Get the facts: homeowners don’t have to repay forbearance amount all at once

Mortgage servicers have been overwhelmed with calls about forbearance plans lately. And, as the industry adapts, we’ve been hearing a few rumors.

Specifically, we’ve heard that many homeowners who may be interested in and eligible for a forbearance plan are holding off because they’re worried about reinstatement – that is they think their only option is to repay the entire forbearance amount all at once at the end of the forbearance plan.

This is simply not true.

Reinstatement is the first option the servicer must consider for homeowners to resolve the missed amount, but it’s not the only one.

Homeowners who receive a forbearance plan are not required to pay back the amount they owe all at once unless they are able to so. Each homeowner is facing a unique financial situation, and there are a variety of options to resolve the missed amount.

Options that may be available to resolve the missed amount

Walk them through their options using Fannie Mae’s post forbearance script (and you can find more complete information in our Servicing Guide), but here’s a quick overview:

Option 1: Reinstatement

Homeowners who are in a position to reinstate their mortgage by paying the full forbearance amount all at once at the end of the forbearance period may do so. However, that’s one of several options, not the only option.

Option 2: Repayment Plan

At the end of forbearance, if homeowners have sufficient income to temporarily pay more than their pre-forbearance mortgage payment, you can set them up in a repayment plan. A portion of the forbearance amount will be paid each month (for up to 12 months) in addition to the homeowner’s regular monthly payment amount.

Option 3: Payment deferral

A payment deferral adds (defers) missed payments (principal and interest) to the end of the mortgage loan term as a non-interest-bearing balance.

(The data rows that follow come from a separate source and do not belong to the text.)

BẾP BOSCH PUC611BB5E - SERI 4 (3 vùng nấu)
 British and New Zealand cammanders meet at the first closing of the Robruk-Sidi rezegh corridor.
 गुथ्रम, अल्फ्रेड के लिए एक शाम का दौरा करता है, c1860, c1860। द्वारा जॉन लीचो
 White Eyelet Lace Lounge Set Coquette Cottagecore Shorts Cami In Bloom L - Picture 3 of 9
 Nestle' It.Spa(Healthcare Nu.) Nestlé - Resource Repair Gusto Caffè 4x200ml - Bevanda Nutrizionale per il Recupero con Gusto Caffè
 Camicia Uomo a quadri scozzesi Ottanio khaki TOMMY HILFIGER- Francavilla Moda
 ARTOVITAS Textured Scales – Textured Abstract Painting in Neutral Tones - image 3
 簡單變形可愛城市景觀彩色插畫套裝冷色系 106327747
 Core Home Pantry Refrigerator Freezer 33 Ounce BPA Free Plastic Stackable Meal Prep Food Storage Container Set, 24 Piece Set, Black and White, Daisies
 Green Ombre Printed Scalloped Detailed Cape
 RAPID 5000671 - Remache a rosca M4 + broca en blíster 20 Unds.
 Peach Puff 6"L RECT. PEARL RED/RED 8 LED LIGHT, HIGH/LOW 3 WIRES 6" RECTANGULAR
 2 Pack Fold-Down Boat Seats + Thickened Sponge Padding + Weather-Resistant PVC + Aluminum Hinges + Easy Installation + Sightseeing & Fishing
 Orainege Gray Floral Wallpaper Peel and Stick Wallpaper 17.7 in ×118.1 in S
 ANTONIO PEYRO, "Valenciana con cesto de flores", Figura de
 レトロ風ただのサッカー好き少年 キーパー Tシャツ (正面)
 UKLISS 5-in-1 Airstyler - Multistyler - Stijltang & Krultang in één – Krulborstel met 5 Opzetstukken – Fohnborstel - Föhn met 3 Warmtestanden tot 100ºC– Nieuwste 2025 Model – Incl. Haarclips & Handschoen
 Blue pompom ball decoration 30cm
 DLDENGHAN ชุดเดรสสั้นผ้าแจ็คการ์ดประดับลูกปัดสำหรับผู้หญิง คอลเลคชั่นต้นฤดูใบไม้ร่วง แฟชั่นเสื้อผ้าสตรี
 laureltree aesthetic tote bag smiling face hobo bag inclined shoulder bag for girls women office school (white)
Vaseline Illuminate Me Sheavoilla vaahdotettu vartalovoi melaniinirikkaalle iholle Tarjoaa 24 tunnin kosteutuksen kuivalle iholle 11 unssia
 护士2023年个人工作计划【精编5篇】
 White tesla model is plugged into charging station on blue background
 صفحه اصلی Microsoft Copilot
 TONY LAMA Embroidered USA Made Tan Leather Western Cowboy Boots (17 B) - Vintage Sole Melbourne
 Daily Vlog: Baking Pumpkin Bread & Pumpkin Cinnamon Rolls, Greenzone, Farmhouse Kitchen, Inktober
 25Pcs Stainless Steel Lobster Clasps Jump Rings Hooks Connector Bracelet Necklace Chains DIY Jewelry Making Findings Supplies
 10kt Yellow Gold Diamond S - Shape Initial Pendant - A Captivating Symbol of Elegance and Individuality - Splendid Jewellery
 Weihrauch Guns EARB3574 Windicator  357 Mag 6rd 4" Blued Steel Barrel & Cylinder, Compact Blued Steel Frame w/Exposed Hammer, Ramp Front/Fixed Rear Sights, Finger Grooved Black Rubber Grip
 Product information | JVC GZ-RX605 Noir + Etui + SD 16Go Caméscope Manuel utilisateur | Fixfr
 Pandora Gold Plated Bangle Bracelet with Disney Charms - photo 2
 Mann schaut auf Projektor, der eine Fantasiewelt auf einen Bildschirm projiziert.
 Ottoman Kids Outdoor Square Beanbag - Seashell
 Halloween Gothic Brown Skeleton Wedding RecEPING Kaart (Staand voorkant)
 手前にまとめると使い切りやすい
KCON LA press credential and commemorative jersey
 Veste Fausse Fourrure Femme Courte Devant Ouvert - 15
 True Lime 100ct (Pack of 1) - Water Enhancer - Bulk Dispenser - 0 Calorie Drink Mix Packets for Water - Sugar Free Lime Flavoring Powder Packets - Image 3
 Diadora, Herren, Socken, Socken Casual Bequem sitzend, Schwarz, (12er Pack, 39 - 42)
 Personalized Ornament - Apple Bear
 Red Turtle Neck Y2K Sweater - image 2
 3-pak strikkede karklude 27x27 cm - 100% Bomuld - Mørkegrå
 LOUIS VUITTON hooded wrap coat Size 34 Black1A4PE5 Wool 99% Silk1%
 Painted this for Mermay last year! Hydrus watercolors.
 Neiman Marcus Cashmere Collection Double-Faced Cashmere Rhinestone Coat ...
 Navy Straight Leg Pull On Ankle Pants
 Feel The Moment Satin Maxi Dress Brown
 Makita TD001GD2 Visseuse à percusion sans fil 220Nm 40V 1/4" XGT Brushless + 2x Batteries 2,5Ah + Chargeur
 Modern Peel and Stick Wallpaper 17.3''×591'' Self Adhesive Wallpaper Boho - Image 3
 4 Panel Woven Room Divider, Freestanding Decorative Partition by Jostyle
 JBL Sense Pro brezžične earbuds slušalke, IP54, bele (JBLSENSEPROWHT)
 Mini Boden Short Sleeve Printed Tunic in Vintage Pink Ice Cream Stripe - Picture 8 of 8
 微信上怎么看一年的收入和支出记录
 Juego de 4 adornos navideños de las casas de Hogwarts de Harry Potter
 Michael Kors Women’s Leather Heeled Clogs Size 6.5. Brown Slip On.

The balance is due at the maturity date or earlier upon the sale or transfer of the property, refinance of the mortgage loan, or payoff of the interest-bearing balance of the loan.

Option 4: Loan Modification

Homeowners who come to the end of their forbearance period and can no longer afford their pre-forbearance monthly payments may be eligible for a loan modification, which will permanently change the terms of the loan in order to makes their monthly payments more affordable.